*YOUR GOAL*. From the material below, set down exactly the lines that run from the one containing "Vintage Simpson 0-100" to the one containing "Set 4 sedie", minus the pictures.

*RECORD EXTRACTS*.
·····
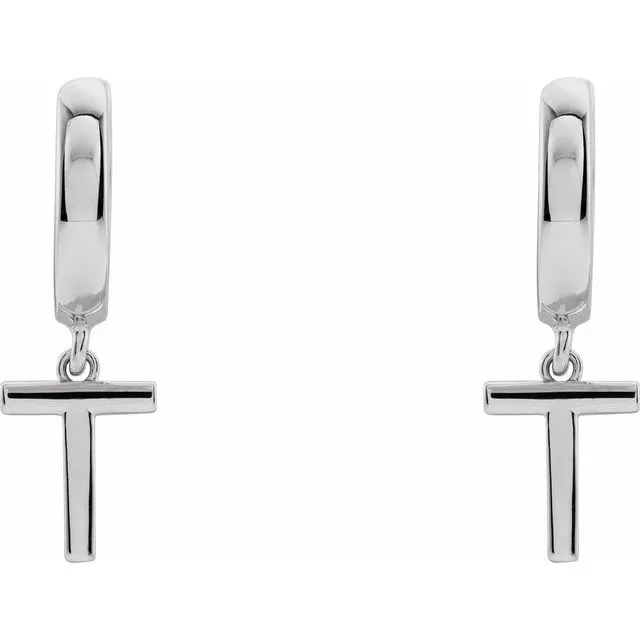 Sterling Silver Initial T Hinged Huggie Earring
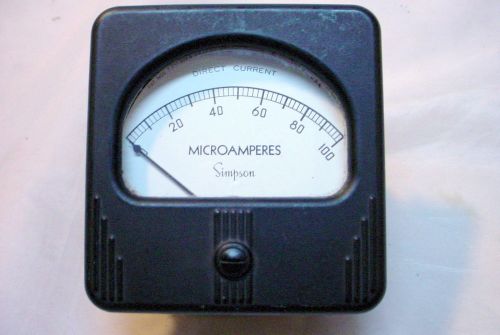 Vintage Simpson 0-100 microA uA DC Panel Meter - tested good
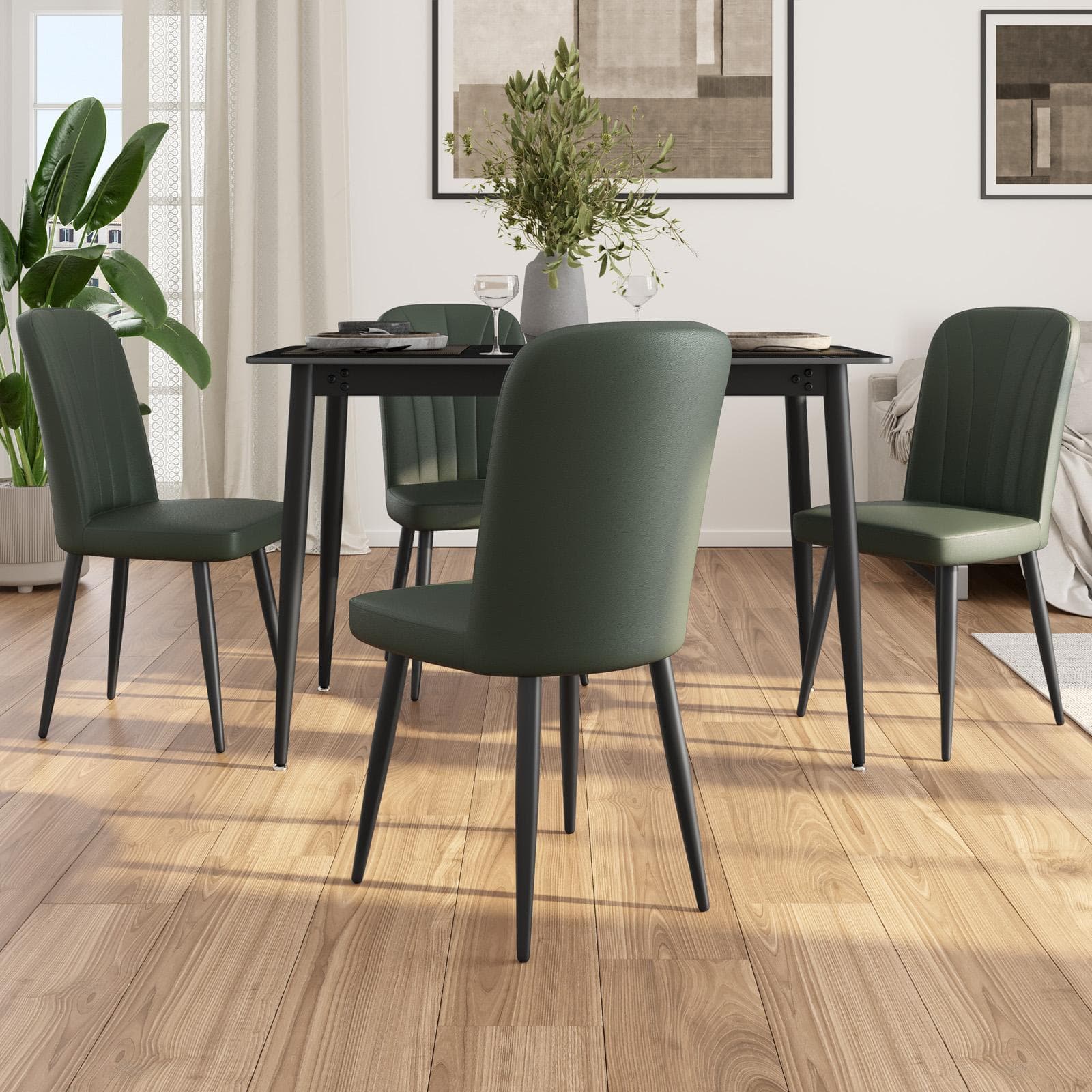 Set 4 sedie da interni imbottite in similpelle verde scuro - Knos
·····
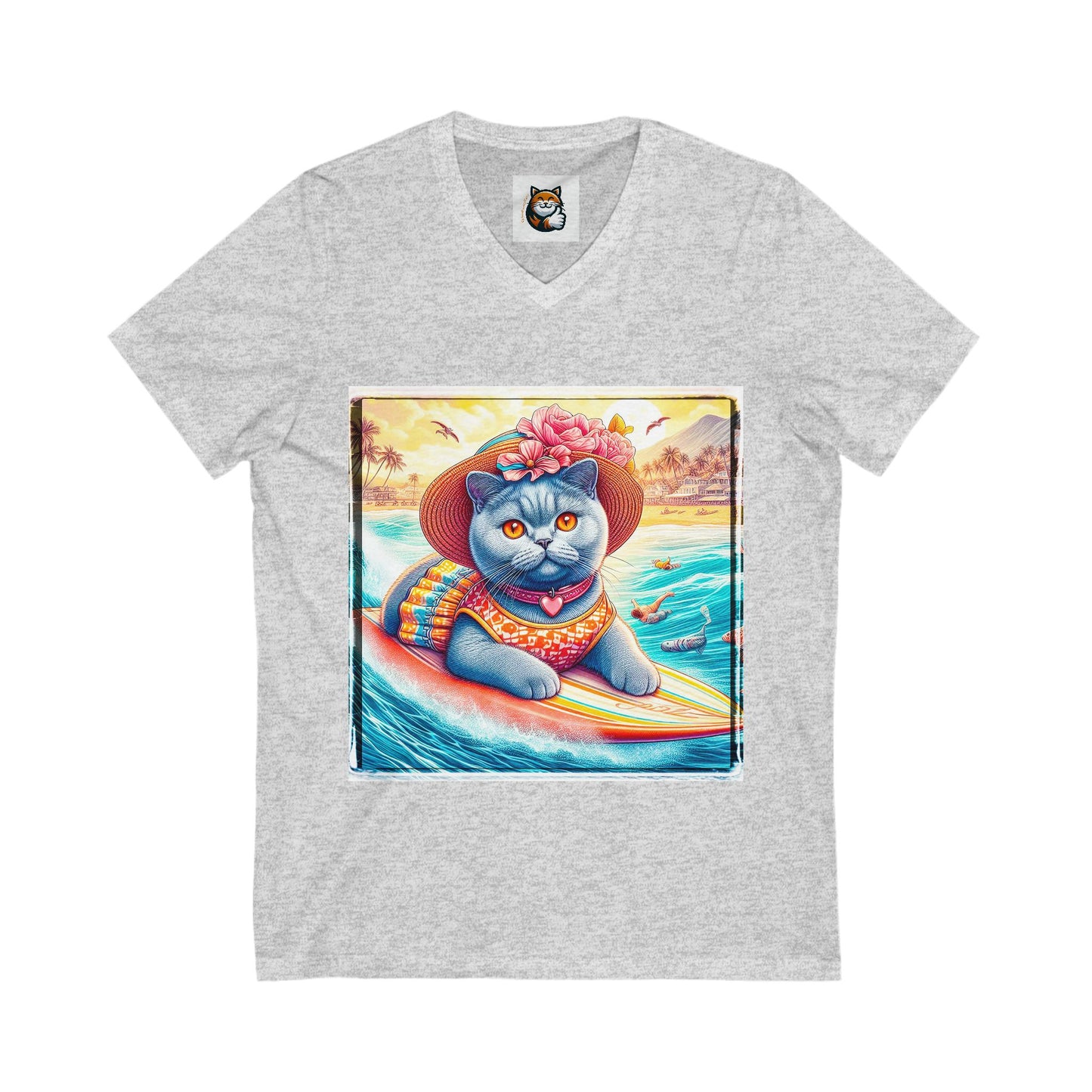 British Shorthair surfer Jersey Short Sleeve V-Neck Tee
·····
*YOUR SOLUTION*.
 Vintage Simpson 0-100 microA uA DC Panel Meter - tested good
 Set 4 sedie da interni imbottite in similpelle verde scuro - Knos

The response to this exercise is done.